Wikipedia:Reference desk/Archives/Computing/2024 July 25

Computing desk
< July 24 << Jun | July | Aug >> Current desk >
Welcome to the Wikipedia Computing Reference Desk Archives
The page you are currently viewing is a transcluded archive page. While you can leave answers for any questions shown below, please ask new questions on one of the current reference desk pages.


July 25

edit

Are there apps or any software, that can identify one's accent?

edit

E.g, software that can identify a person's native language, when they are currently speaking in a non-native language (e.g. English), rather than in their native language we want to identify.
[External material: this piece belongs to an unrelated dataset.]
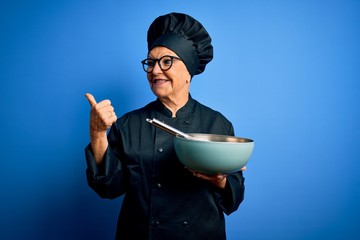 Wall Mural - Senior beautiful grey-haired chef woman wearing cooker uniform and hat using whisk and bowl pointing and showing with thumb up to the side with happy face smiling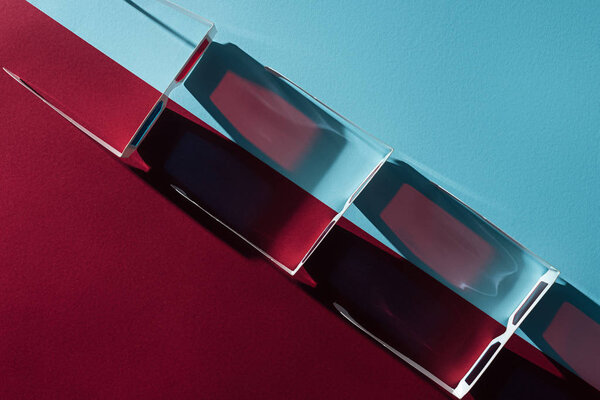 вид сверху на 3d очки подряд с длинными тенями на синем и бордо фоне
Yesterday, I presented this question at the language reference desk. However, no one has given me a positive answer yet, except for a possible direction via AI, but without a certain answer. 2A06:C701:7B31:C100:7D63:C50F:C3A5:9744 (talk) 10:18, 25 July 2024 (UTC)[reply]

You received a comprehensive answer at the language desk. The answer is no. Shantavira|feed me 11:48, 25 July 2024 (UTC)[reply]
AI is used for pattern matching and classification. If there is some pattern that classifies speech as having a specific accent, AI can identify the pattern and classify the accent. AI is not magic. It won't do any more than identify a pattern using one of the many methods of pattern matching and then classify using one of the many ways of clustering and classification. 75.136.148.8 (talk) 12:12, 25 July 2024 (UTC)[reply]
A more precise answer is that no respondent here is aware of the existence of such an app. Perhaps the NSA has developed one but is keeping it under wraps. If so, how would we know?  --Lambiam 13:33, 25 July 2024 (UTC)[reply]
It is likely that, for the moment, it is far easier and cheaper to employ non-Artificial Intelligences, i.e. people, with linguistic expertise that enables them to make such identifications. This of course would only apply to specific instances – an AI-like application would be needed for automatic surveillance on a mass scale. {The poster formerly known as 87.81.230.195} 94.2.67.235 (talk) 00:18, 28 July 2024 (UTC)[reply]
People on Hugging Face have created some accent related models but putting that into some piece of software you can use will be a very much do-it-yourself task. Models found there also have rather variable quality, most of them are research projects not intended for wider consumption. With enough data, classifying existing accents in order to infer other accents should be possible. But, speaking anecdotally as someone who grew up in world cities, the way someone learns a language hugely influences their accent... possibly about equally to the languages they spoke before that, and the possibility for error is huge.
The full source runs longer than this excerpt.